• [Exercise] Look below for the line with "1 - An Edwardian" and the line with "A young student"; repeat exactly those two lines and all lines between them, but no pictures.

• [Data listing]
-=-=-

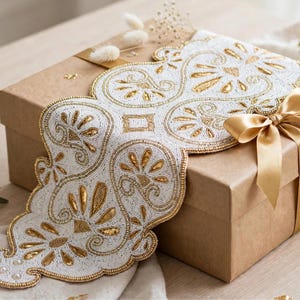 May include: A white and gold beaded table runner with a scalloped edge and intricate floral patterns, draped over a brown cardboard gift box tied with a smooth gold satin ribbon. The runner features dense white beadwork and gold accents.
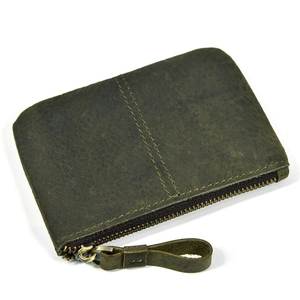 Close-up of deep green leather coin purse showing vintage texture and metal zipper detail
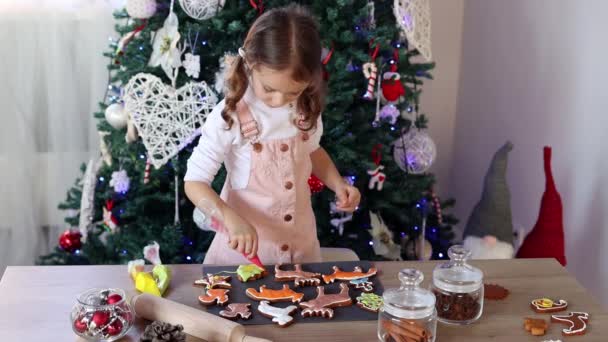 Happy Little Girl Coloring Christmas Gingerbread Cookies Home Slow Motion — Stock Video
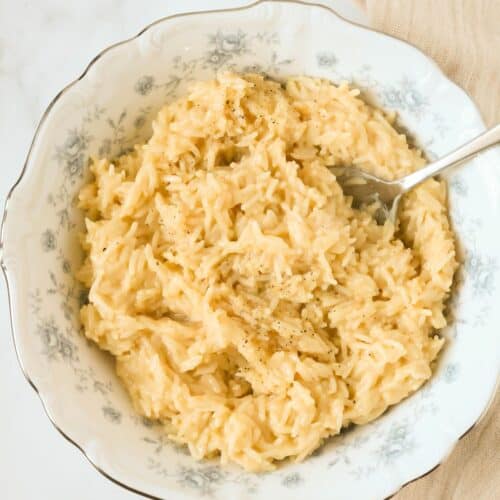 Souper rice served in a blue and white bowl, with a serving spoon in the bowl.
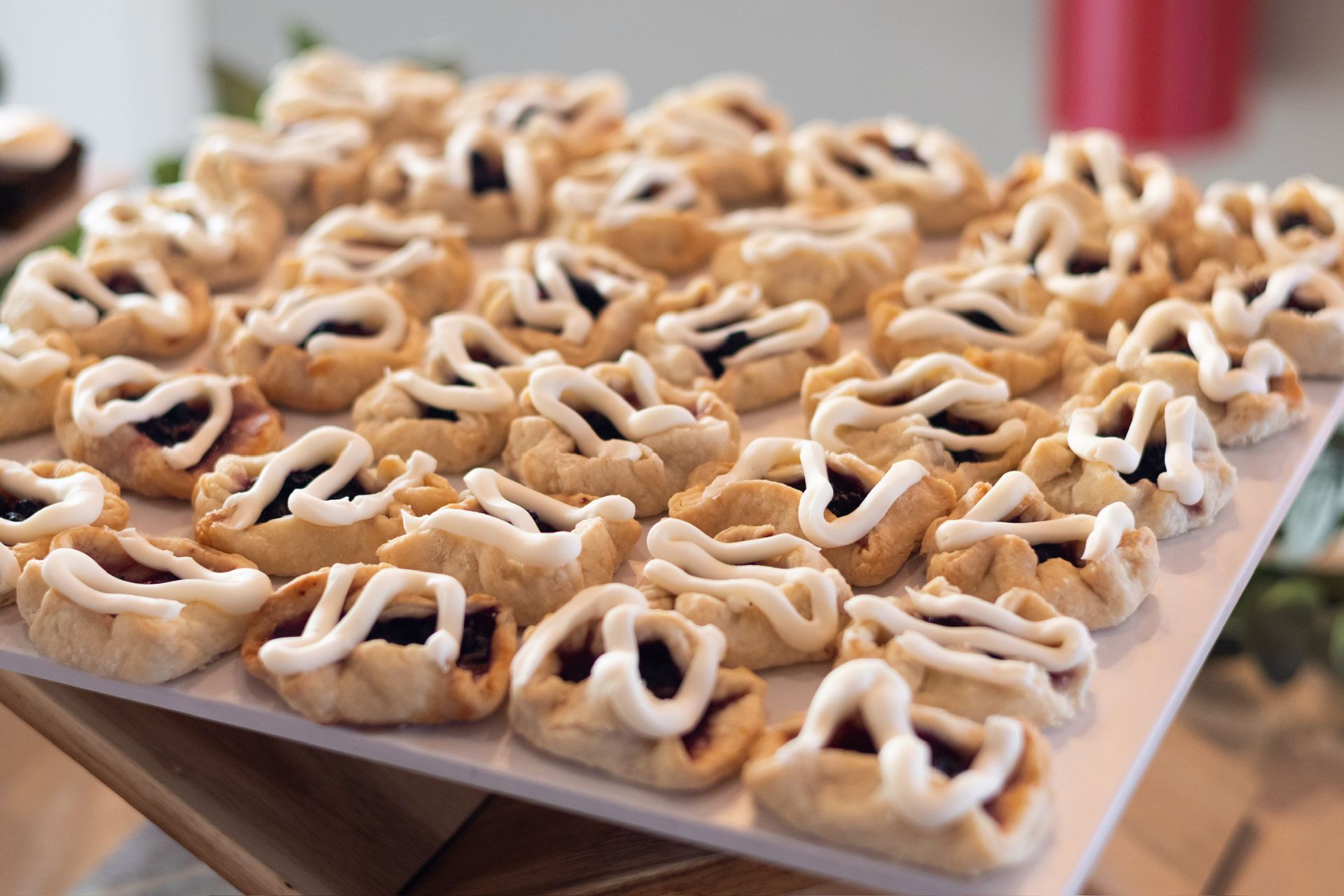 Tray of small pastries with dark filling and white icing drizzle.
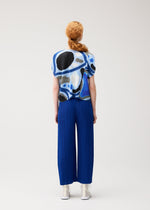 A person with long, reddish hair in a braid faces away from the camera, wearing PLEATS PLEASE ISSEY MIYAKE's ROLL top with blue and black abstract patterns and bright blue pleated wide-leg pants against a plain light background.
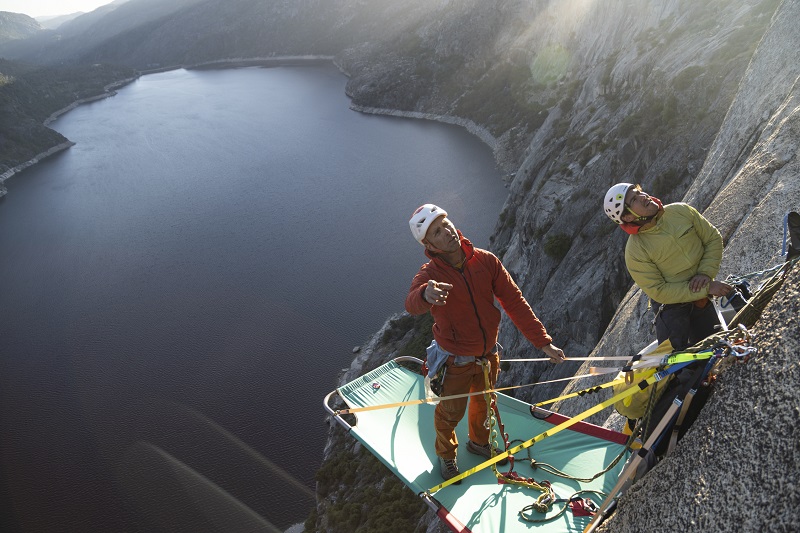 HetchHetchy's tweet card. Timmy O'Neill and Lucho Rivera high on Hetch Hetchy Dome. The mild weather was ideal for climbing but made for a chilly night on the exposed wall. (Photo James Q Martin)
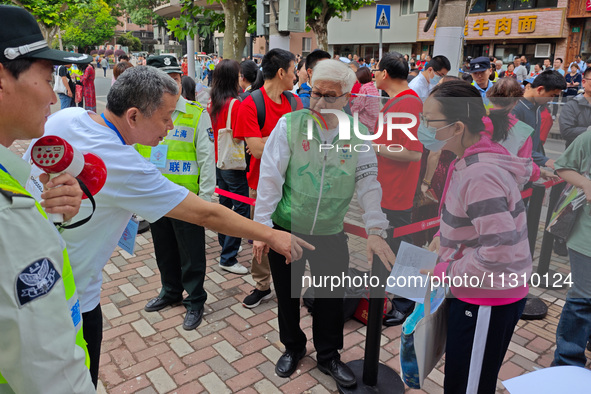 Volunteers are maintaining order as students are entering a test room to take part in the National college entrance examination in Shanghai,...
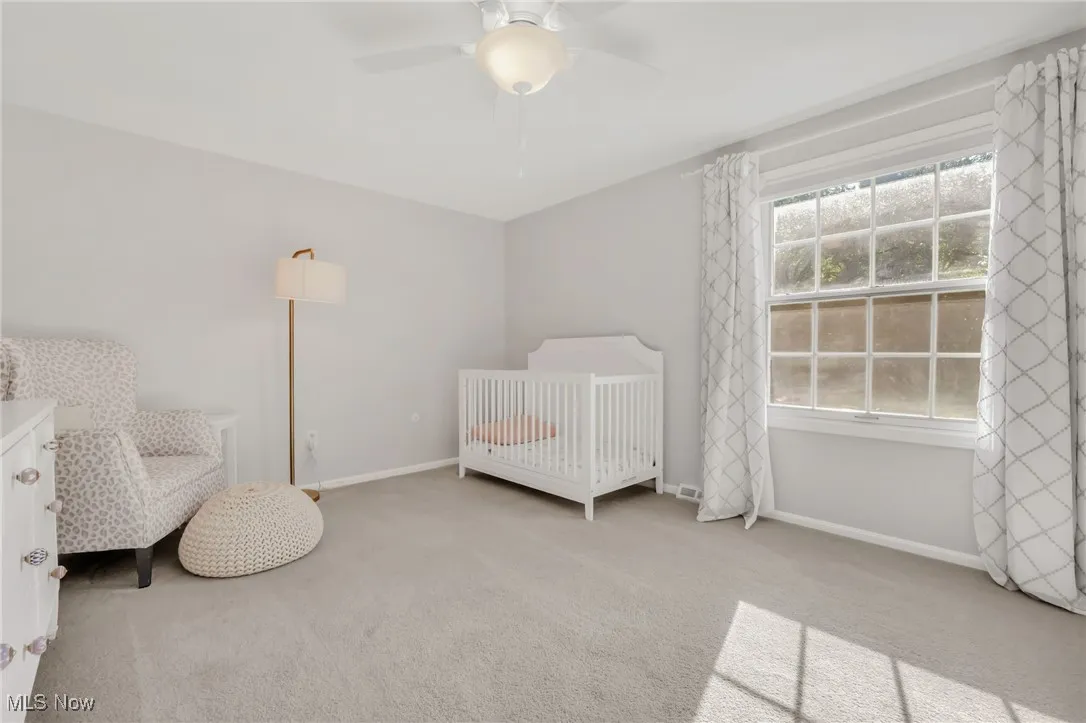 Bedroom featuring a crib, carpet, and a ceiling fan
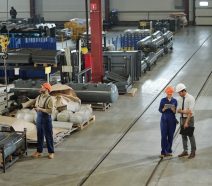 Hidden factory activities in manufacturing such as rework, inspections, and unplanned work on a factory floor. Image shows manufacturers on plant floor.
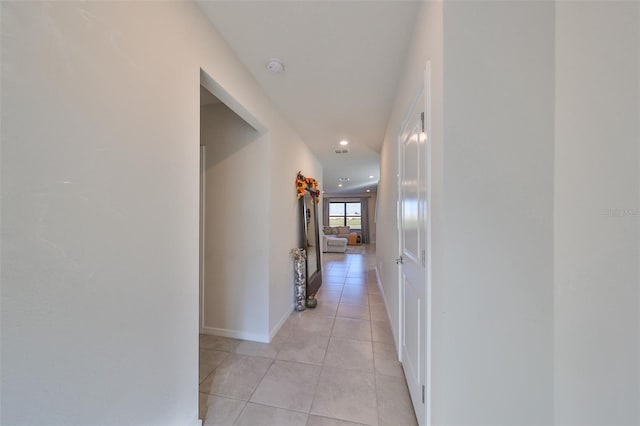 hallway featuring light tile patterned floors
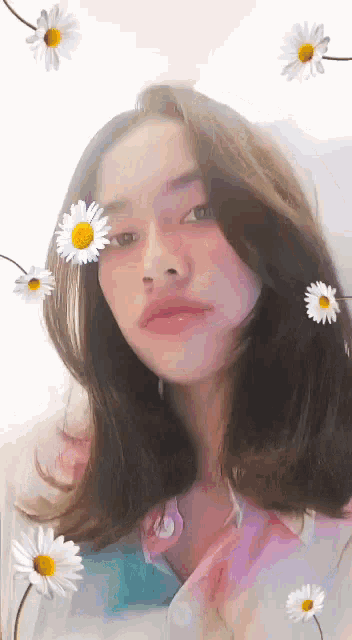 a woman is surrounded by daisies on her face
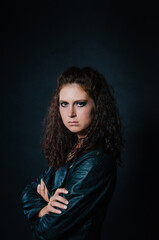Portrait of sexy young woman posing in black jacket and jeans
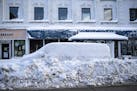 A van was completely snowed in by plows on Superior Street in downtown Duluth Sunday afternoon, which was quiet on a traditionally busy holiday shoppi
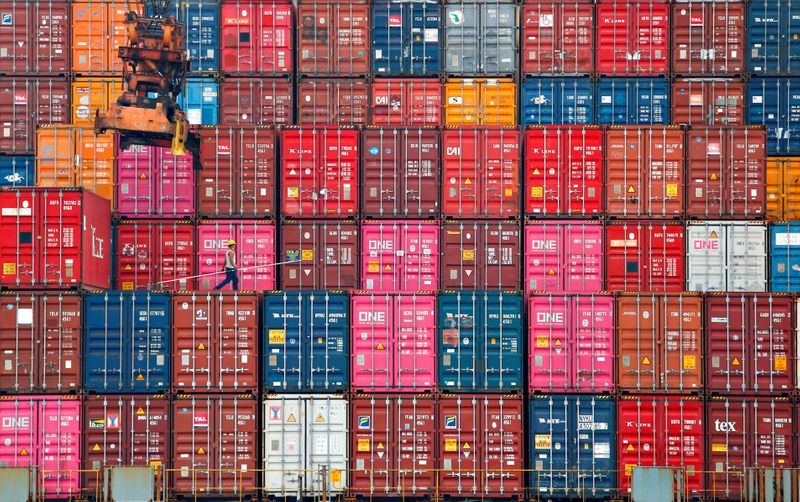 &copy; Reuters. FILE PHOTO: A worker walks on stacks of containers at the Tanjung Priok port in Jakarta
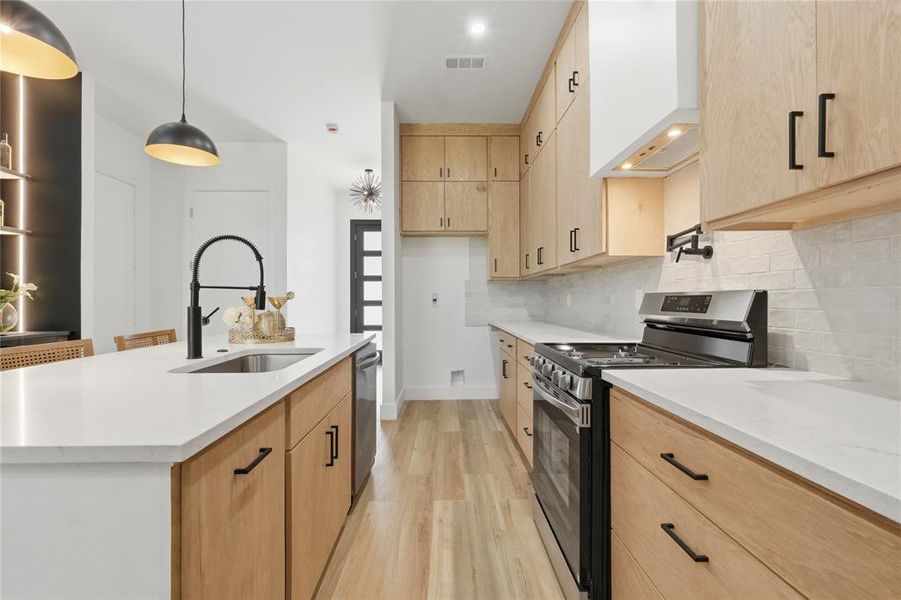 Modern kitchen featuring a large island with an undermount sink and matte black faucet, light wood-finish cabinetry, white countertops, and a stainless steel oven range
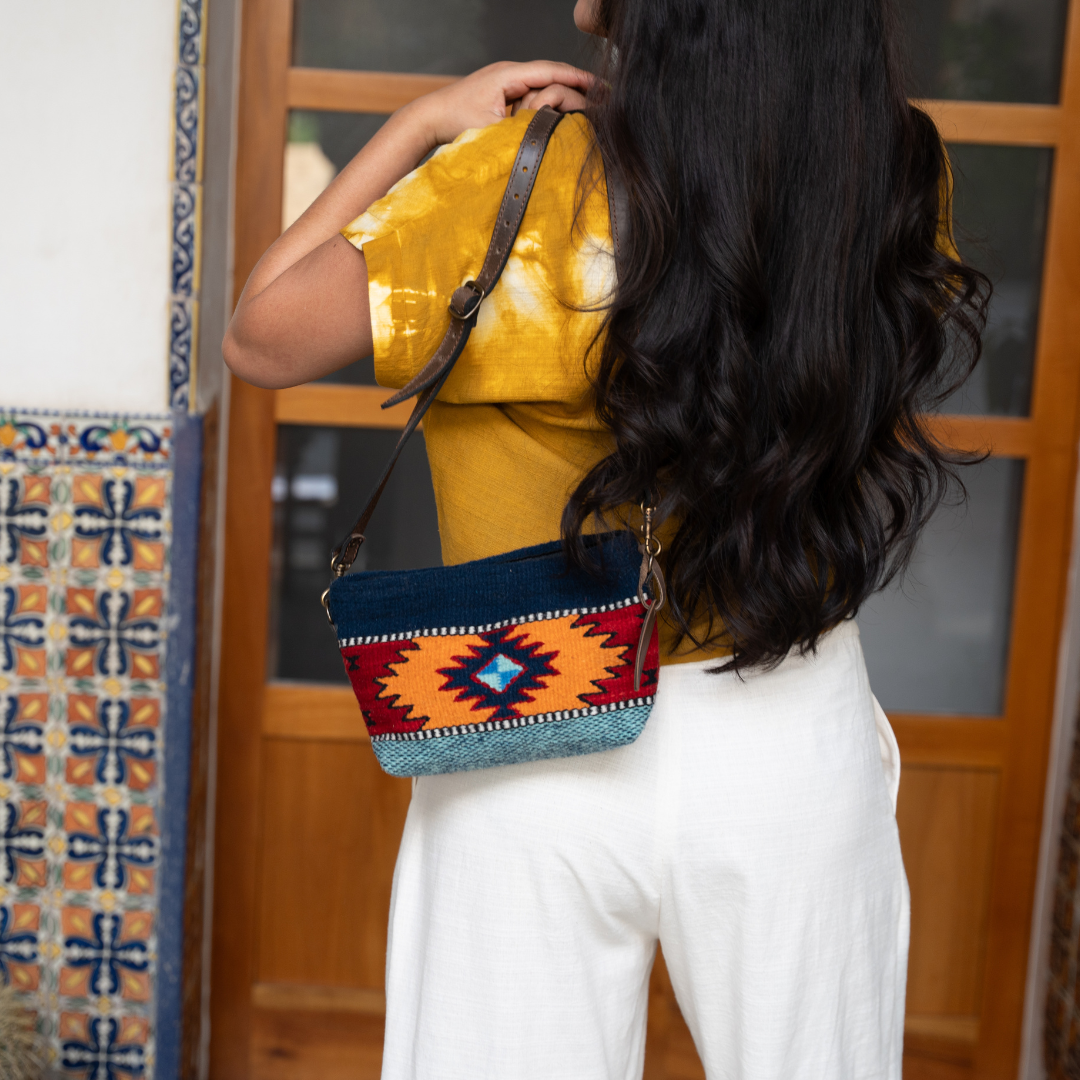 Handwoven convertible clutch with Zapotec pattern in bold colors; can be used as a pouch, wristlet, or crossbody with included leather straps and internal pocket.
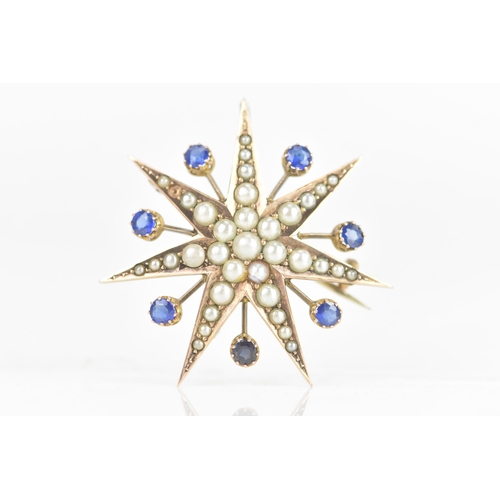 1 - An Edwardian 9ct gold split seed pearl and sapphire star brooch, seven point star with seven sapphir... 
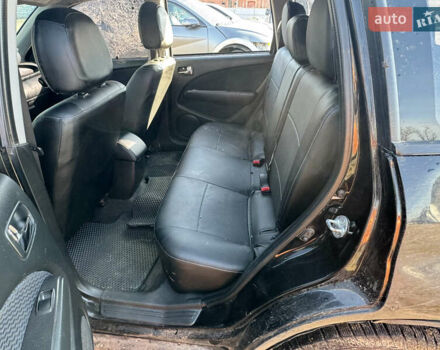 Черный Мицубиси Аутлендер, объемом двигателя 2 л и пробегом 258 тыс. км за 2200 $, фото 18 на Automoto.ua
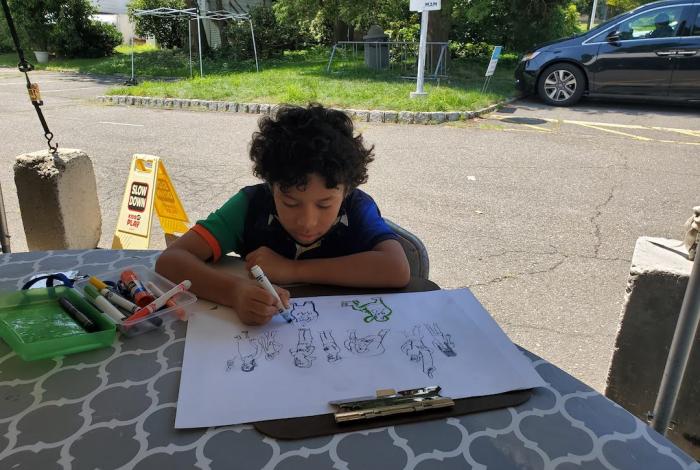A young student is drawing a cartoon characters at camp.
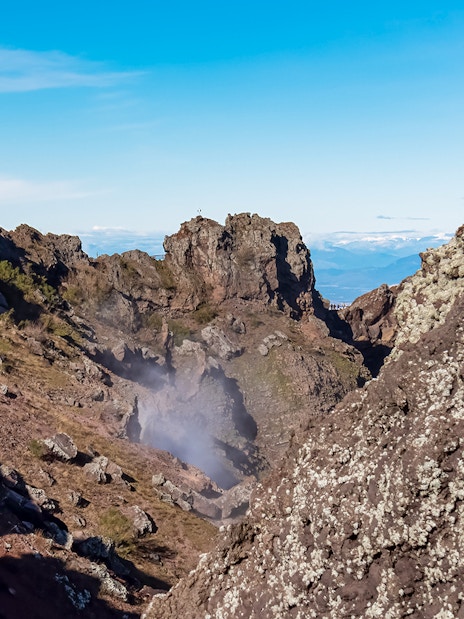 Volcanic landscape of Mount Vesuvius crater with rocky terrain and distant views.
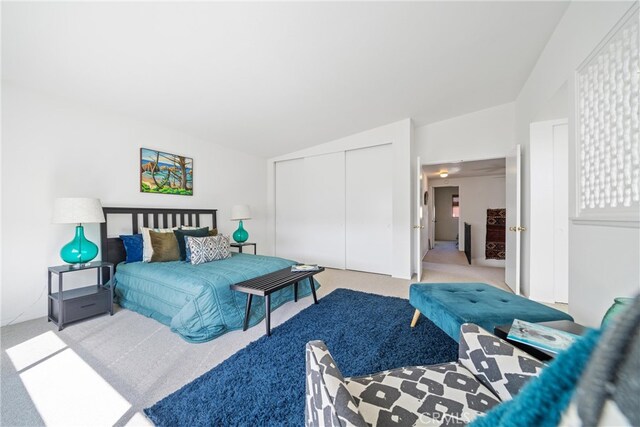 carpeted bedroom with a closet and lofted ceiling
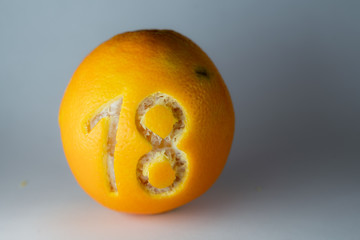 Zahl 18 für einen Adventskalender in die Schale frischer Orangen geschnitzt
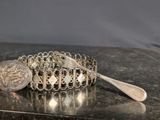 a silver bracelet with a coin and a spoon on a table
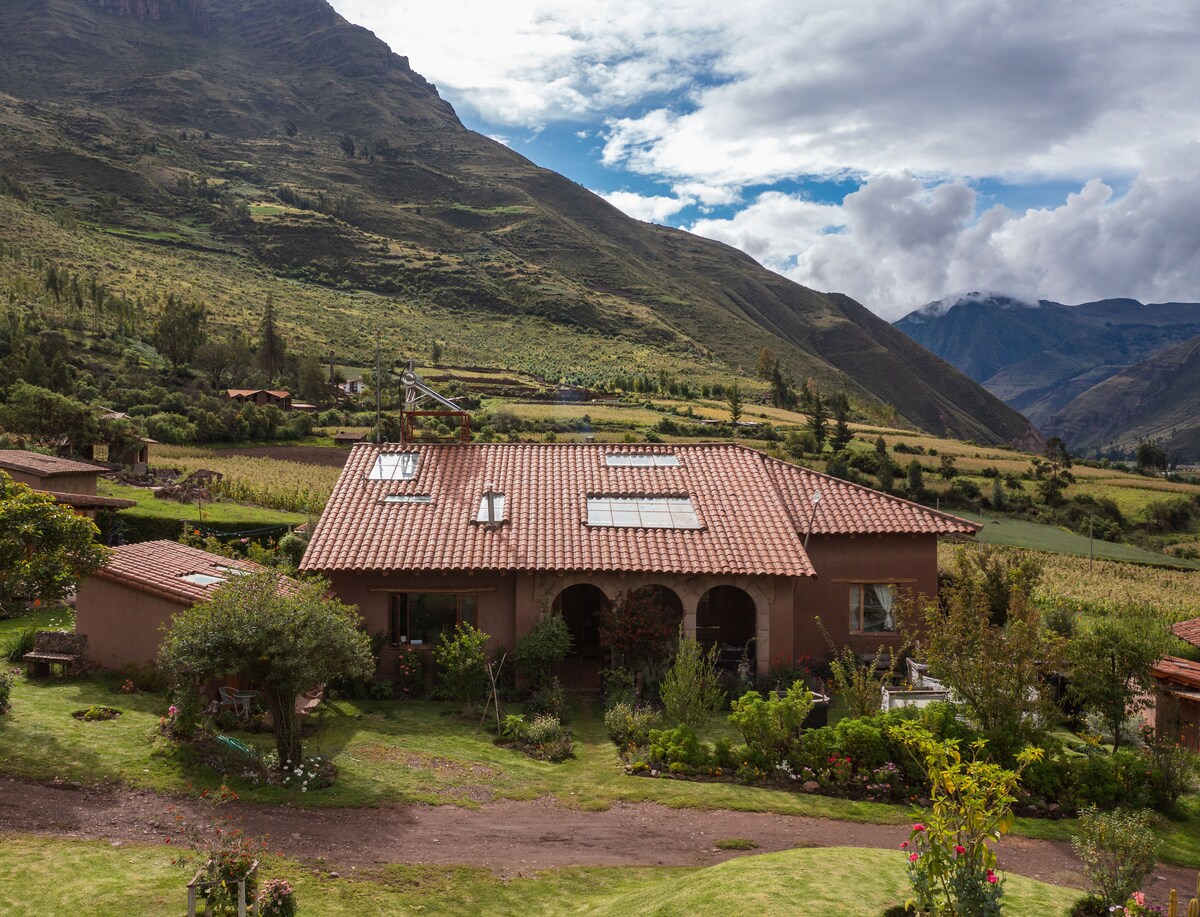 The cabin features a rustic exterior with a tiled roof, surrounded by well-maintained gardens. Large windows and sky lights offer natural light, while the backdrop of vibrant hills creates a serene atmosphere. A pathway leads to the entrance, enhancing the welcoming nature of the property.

-=-=-

• [Exercise answer]
 1 - An Edwardian 9ct gold split seed pearl and sapphire star brooch, seven point star with seven sapphir... 
 Черный Мицубиси Аутлендер, объемом двигателя 2 л и пробегом 258 тыс. км за 2200 $, фото 18 на Automoto.ua
A young student is drawing a cartoon characters at camp.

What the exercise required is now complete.